Anyone who spends more than a few minutes on immigration matters will soon realize that the debate abounds in shallow metaphors whose cant recitation suggests knowing knowledge, but are actually meant to substitute for thought and analysis.
The case in point today is the assertion that "the system is broken." That phrase is a metaphor of choice for political office holders and pundits of varied partisan views. Recently New York City Mayor Mike Bloomberg and News Corp. chief executive Rupert Murdoch testified before Congress on the need to fix "our broken system of immigration." Former President George W. Bush and current President Barack Obama agree: "The system is broken." Pundits write pieces entitled "How to fix our broken immigration system."
There is then clearly a consensus on the metaphor, but that should not be mistaken for an agreement on any substantive issues. Nor for that matter should we assume that the metaphor tells us anything particular or even useful about our immigration system and what's wrong with it.

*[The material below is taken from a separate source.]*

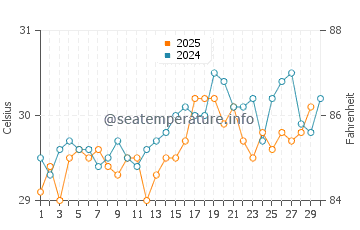 Kudat water temp chart in April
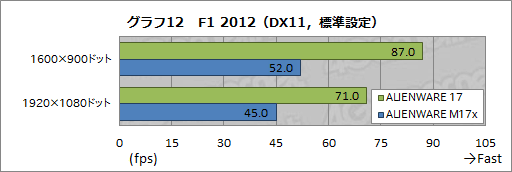 画像ギャラリー No.047のサムネイル画像 / 【PR】あえて言おう,史上最高傑作であると。「ALIENWARE 17」の超絶な完成度に惚れる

Consider first what a metaphor is. Typical dictionary definitions describe it as (1) a figure of speech in which a term or phrase is applied to something to which it is not literally applicable in order to suggest a resemblance, as in "A mighty fortress is our God," or (2) something used, or regarded as being used, to represent something else; emblem; symbol.
It is clear that "the system is broken" cannot be understand as part of the first, primary understanding or usage of that the term since the phase doesn't contain a comparative term: broken as compared to what?
So it is in the second sense of the term that the "broken" metaphor is used, as "something to represent something else; emblem; symbol." And here we can begin to see the trouble with that phrase. What is that something else that is being represented?
The best answer to that question is that the "system is broken metaphor" reflects an combined set of assumptions operating as assertions that: (1) the current system isn't working as intended, (2) that its current operation is causing major and avoidable social, economic, and political problems, (3) that (obviously) what is "broken" must be fixed, and (4) that the way to fix the broken system is through "comprehensive immigration reform."
In fact a closer analysis of these assumptions suggests that the first and fourth assertions are factually incorrect, and that only the second assertion has a great deal of empirical evidence to support.
The current system is working as intended in so far as it reflects congressional policy to base the American immigration system primarily on the principle of family reunification and to ensure a loose immigration enforcement policy. That dual focus may result in many consequent problems: there are not enough spaces for skilled workers, the system creates enormous backlogs, there are not enough spaces for those who want to come so immigrants come into the country illegally, it is relatively easy for undocumented immigrants to work here, and so on. All these may be consequences of the ways in which the system was structured, but it cannot be seriously argued that this policy was not the explicit intent of Congress.
This is important to understand because to the extent that the current immigration policy structure created the problems that are now the basis for calls to fix "the broken system," we had better be clear about what lies at the core of our immigration dilemmas.
As to the assertion/assumption that the only way to fix our "broken system" is to undertake "comprehensive immigration reform," another metaphorical favorite, as with so many now-hackneyed immigration phrases, it depends what you mean by the term. And it will be no surprise that understandings differ.
The "system is broken" metaphor actually tells us very little. It doesn't say what is broken or why and how it became broken. Without those understandings "reform" is likely to falter. Nor does it supply any comparative analysis of what alternatives might, or might not, work given that basic, necessary, and preliminary analysis.
In the end, it is simply a rhetorical meme used by those whose strategy is to use a phrase so vague that it can appear to reflect a consensus. But that consensus is illusionary. Beneath that metaphor lies a shifting landscape that is coalescing around a quite different set of policy positions that have one basic theme: enforce our immigration laws.